[Stored dataset items]
>>>

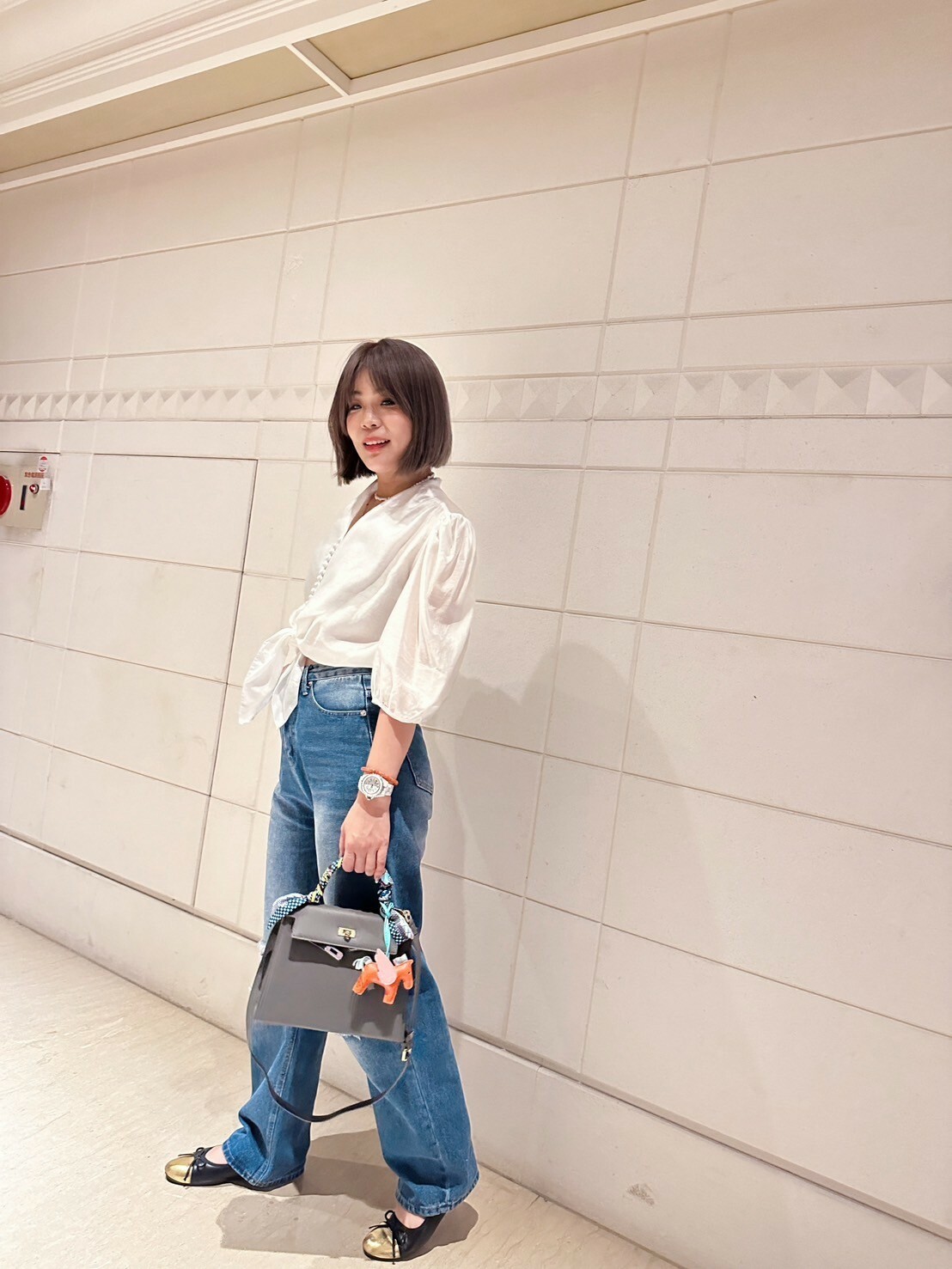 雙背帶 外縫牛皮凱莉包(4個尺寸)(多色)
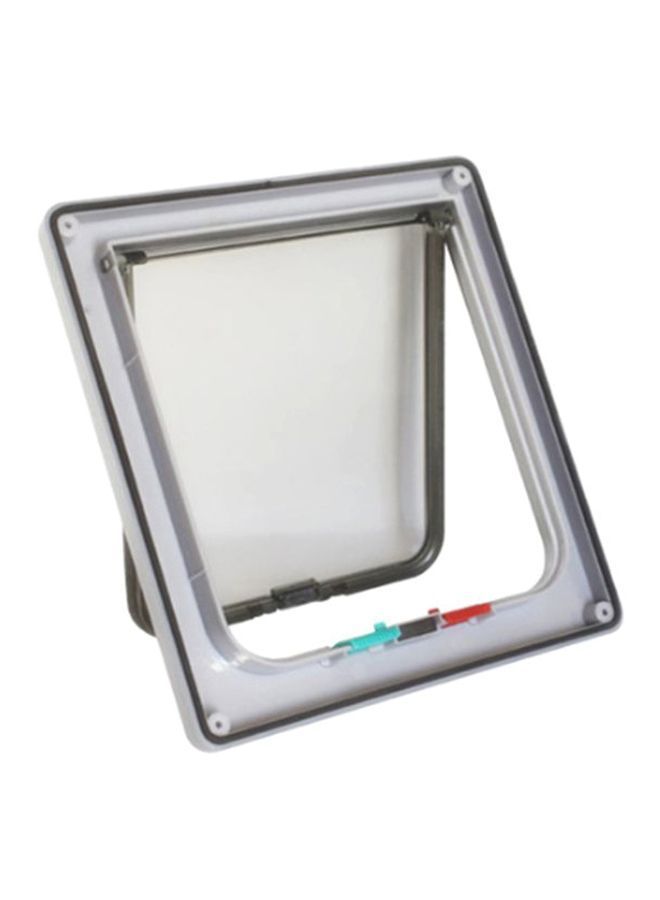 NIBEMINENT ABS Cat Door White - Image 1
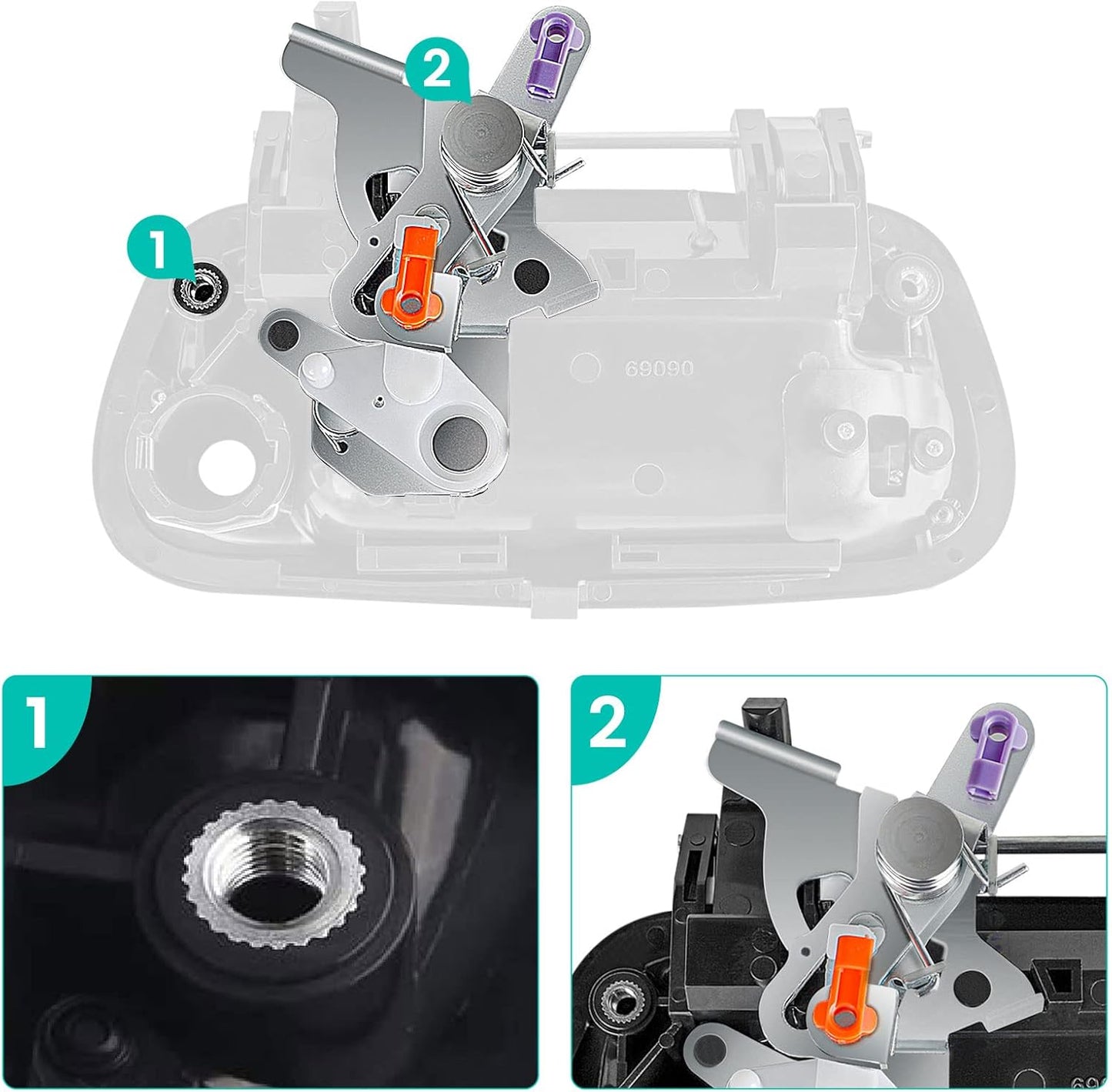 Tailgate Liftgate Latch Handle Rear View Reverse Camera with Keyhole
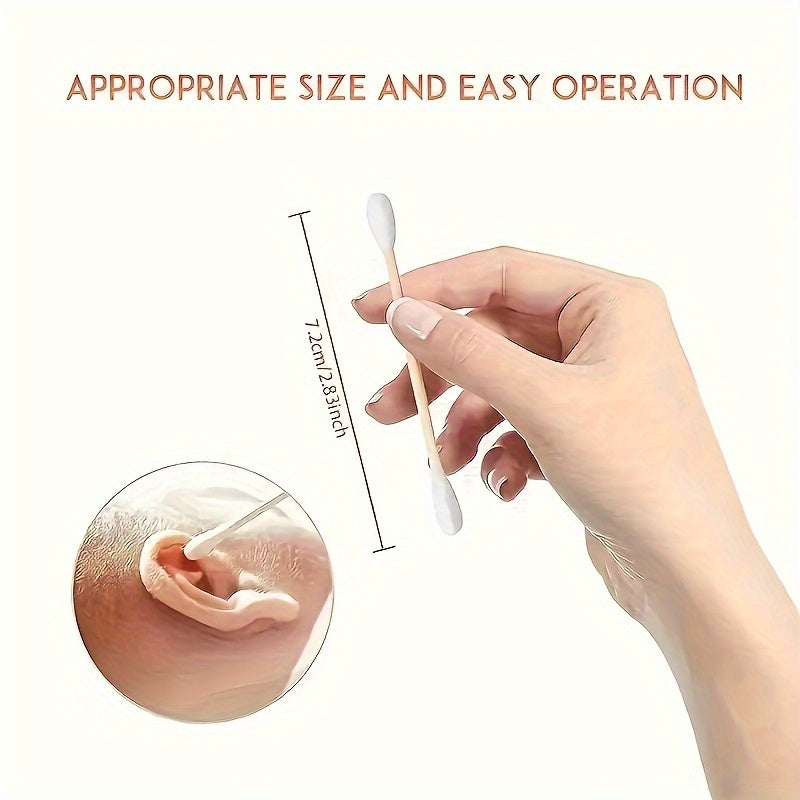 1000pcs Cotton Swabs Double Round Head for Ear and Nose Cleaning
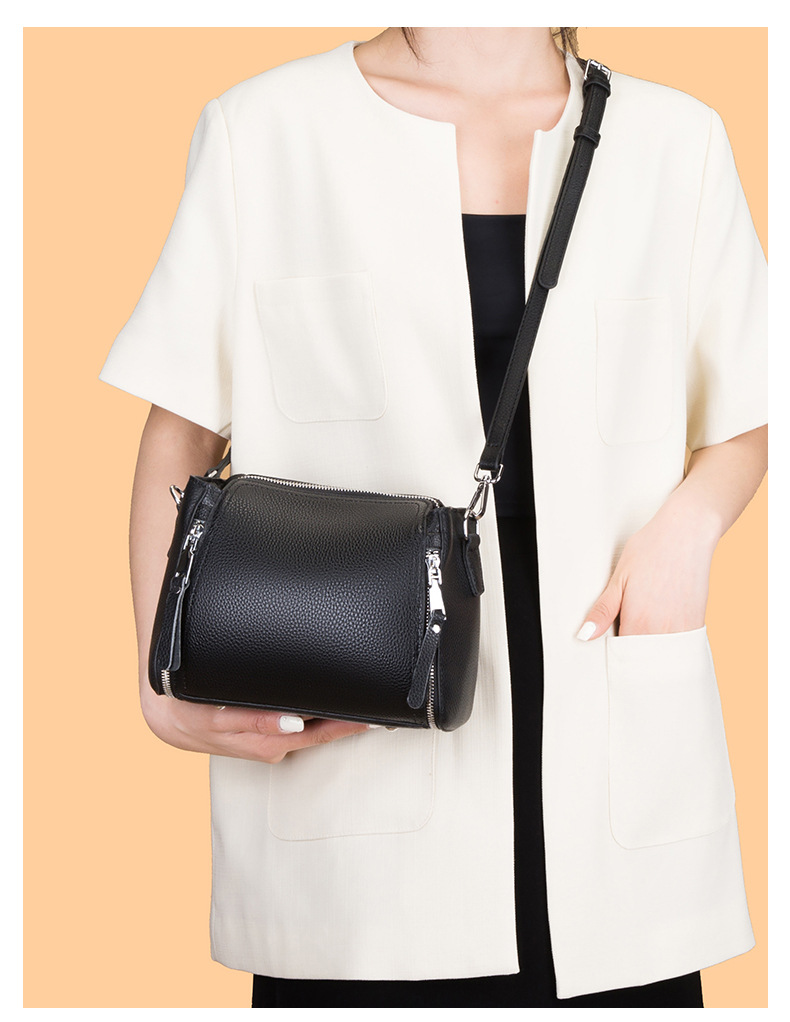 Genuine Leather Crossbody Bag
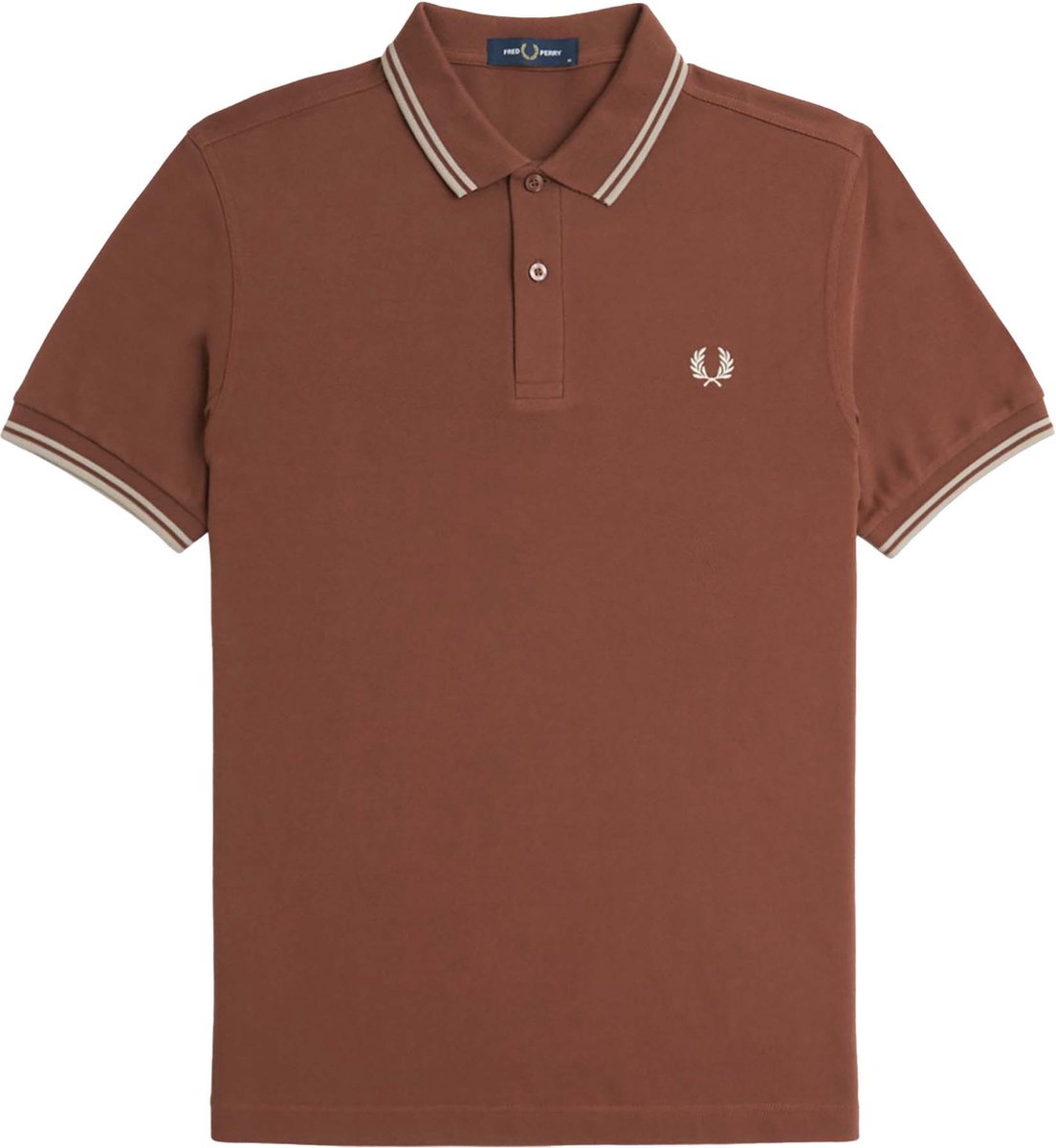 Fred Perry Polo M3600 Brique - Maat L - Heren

<<<

Starting at the line with "Genuine Leather Crossbody Bag", reproduce exactly each line through the end of the entries, including the first and the last, and skip the pictures.

▶ _OUTPUT BELOW_
 Genuine Leather Crossbody Bag
 Fred Perry Polo M3600 Brique - Maat L - Heren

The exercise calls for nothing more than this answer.